What is being asked: Below are records with pictures. Reproduce exactly the lines from the line with "What I did was" to the line with "Before talking about", inclusive, and leave each picture out.

Given data:
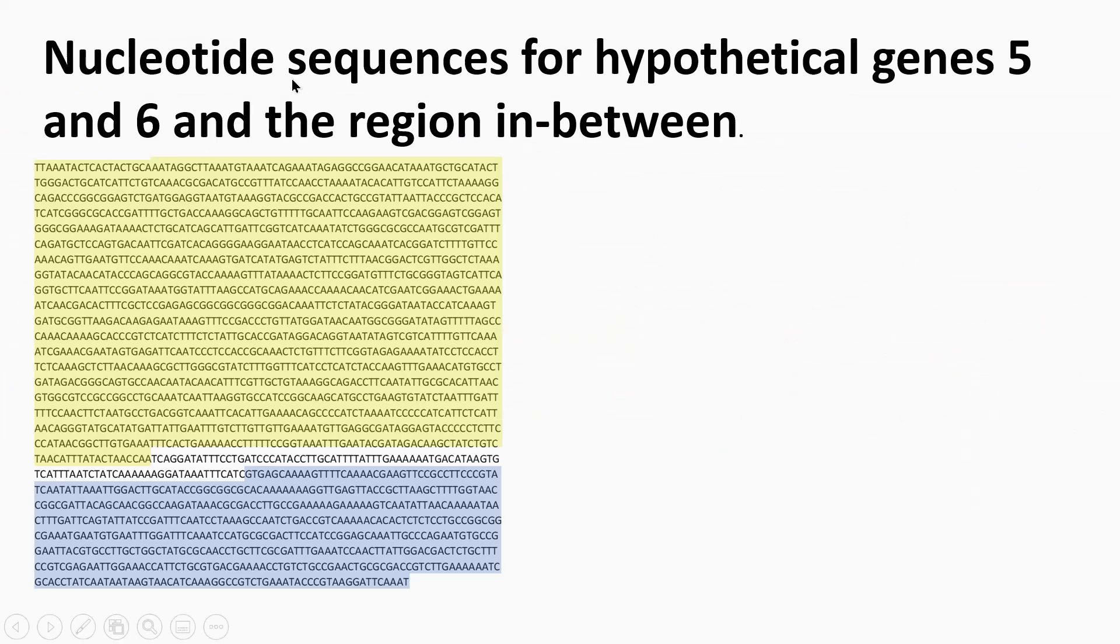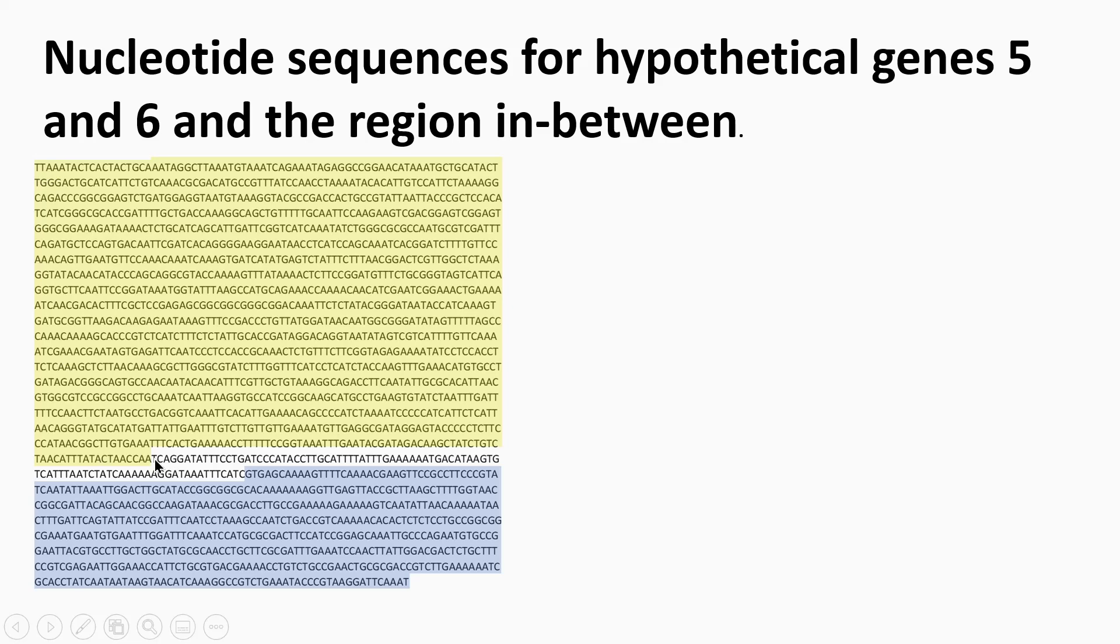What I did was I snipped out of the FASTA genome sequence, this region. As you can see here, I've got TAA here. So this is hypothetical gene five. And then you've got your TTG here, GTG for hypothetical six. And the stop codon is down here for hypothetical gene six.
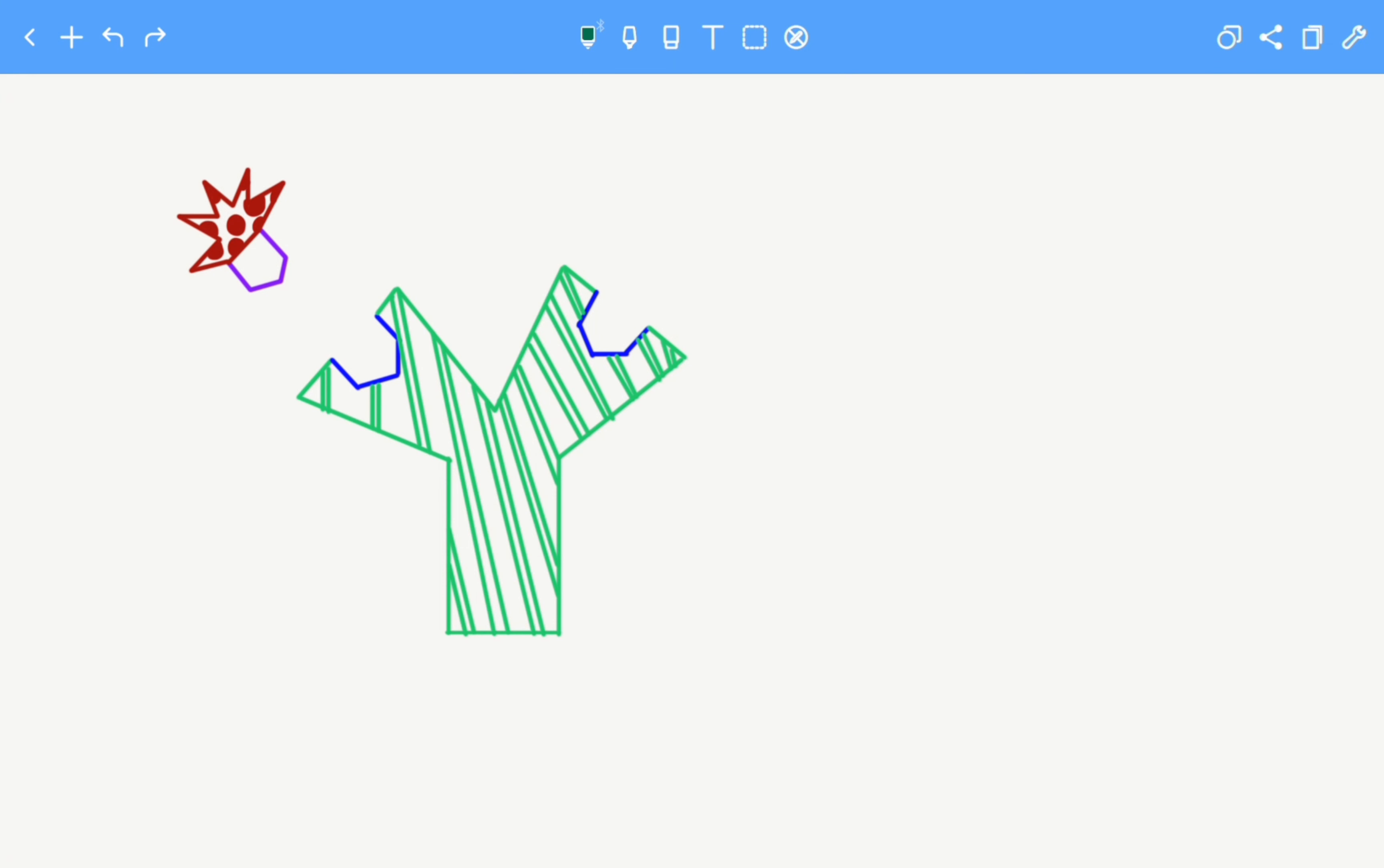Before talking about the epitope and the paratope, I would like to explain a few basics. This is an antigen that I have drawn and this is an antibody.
...
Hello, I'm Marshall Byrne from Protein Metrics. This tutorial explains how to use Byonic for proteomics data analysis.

Expected output:
What I did was I snipped out of the FASTA genome sequence, this region. As you can see here, I've got TAA here. So this is hypothetical gene five. And then you've got your TTG here, GTG for hypothetical six. And the stop codon is down here for hypothetical gene six.
Before talking about the epitope and the paratope, I would like to explain a few basics. This is an antigen that I have drawn and this is an antibody.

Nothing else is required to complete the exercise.